*** Input Section Begins ***

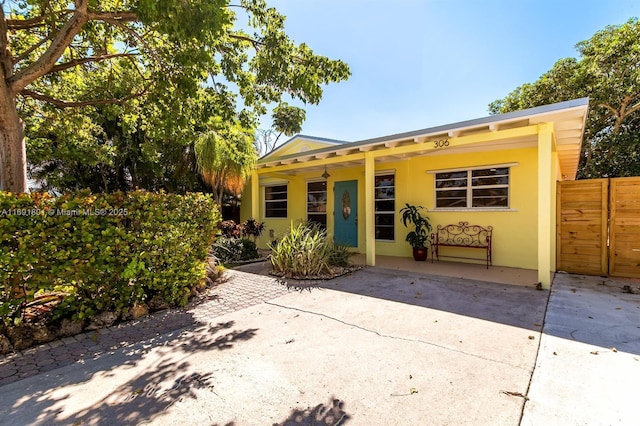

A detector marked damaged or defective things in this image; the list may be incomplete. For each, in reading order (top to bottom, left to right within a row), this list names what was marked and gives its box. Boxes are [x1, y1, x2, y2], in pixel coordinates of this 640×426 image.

driveway crack [264, 302, 528, 372]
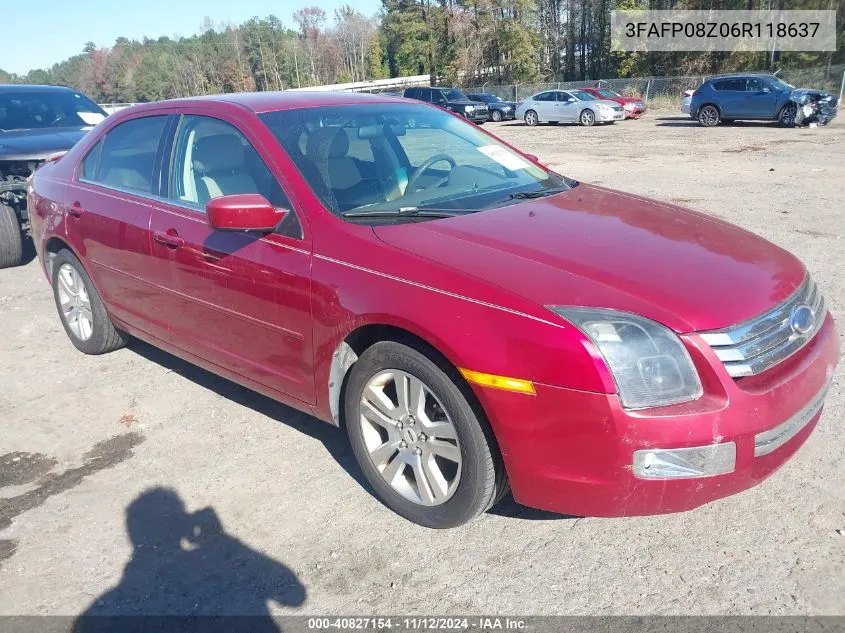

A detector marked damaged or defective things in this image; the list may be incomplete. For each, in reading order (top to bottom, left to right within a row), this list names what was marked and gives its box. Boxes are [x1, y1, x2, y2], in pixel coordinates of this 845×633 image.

wrecked vehicle [0, 84, 105, 266]
damaged car [0, 84, 105, 266]
damaged car [692, 73, 836, 128]
wrecked vehicle [692, 73, 836, 128]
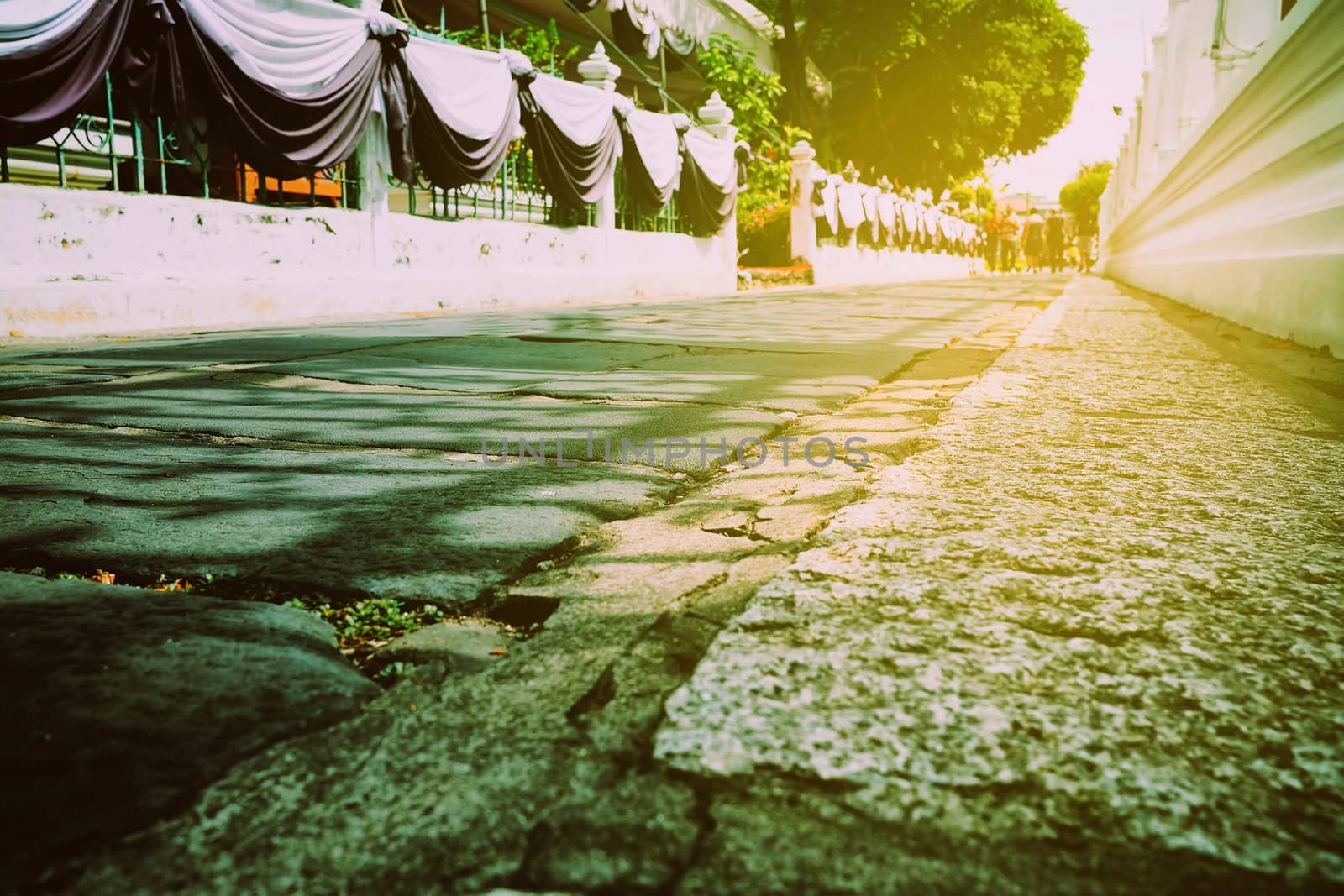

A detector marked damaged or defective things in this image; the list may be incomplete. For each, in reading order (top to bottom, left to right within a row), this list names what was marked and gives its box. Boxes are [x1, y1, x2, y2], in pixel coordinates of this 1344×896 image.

cracked asphalt [3, 275, 1344, 887]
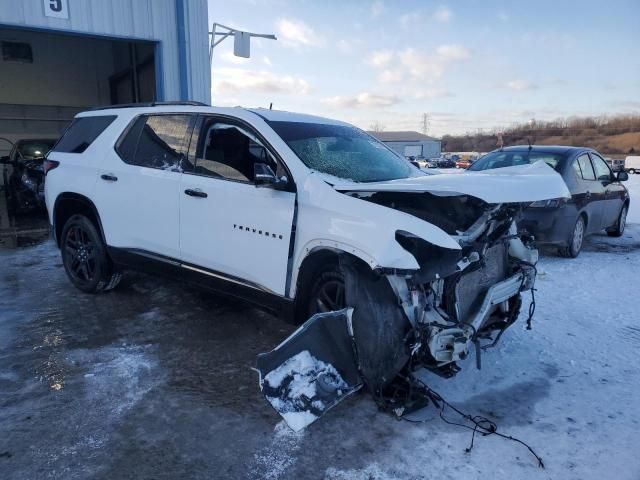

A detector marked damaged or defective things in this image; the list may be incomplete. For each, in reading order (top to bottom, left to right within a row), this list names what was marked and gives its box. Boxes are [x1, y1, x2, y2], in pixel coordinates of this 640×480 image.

wrecked white suv [43, 104, 564, 428]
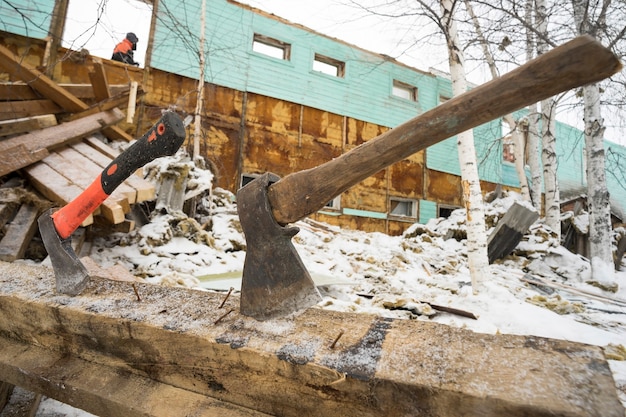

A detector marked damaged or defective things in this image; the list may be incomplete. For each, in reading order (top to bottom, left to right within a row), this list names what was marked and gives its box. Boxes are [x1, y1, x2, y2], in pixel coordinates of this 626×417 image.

rusty axe blade [38, 112, 185, 294]
rusty axe blade [235, 171, 320, 318]
rusty axe blade [234, 35, 620, 318]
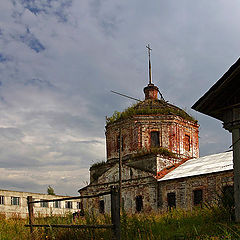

*** Input Section Ends ***

Transcribe nothing but the lines from the one containing "this 626×417 image." through the final line of the records, exactly as written and without pictures.

A detector marked damaged or defective things in this image; the list may be incomplete. For each, in reading order (top to bottom, left to right within a row), this list names what was marked and gives its box. Boxes are [x1, y1, x2, y2], in pixel coordinates of this 626×417 image.

rusty axe blade [38, 112, 185, 294]
rusty axe blade [235, 171, 320, 318]
rusty axe blade [234, 35, 620, 318]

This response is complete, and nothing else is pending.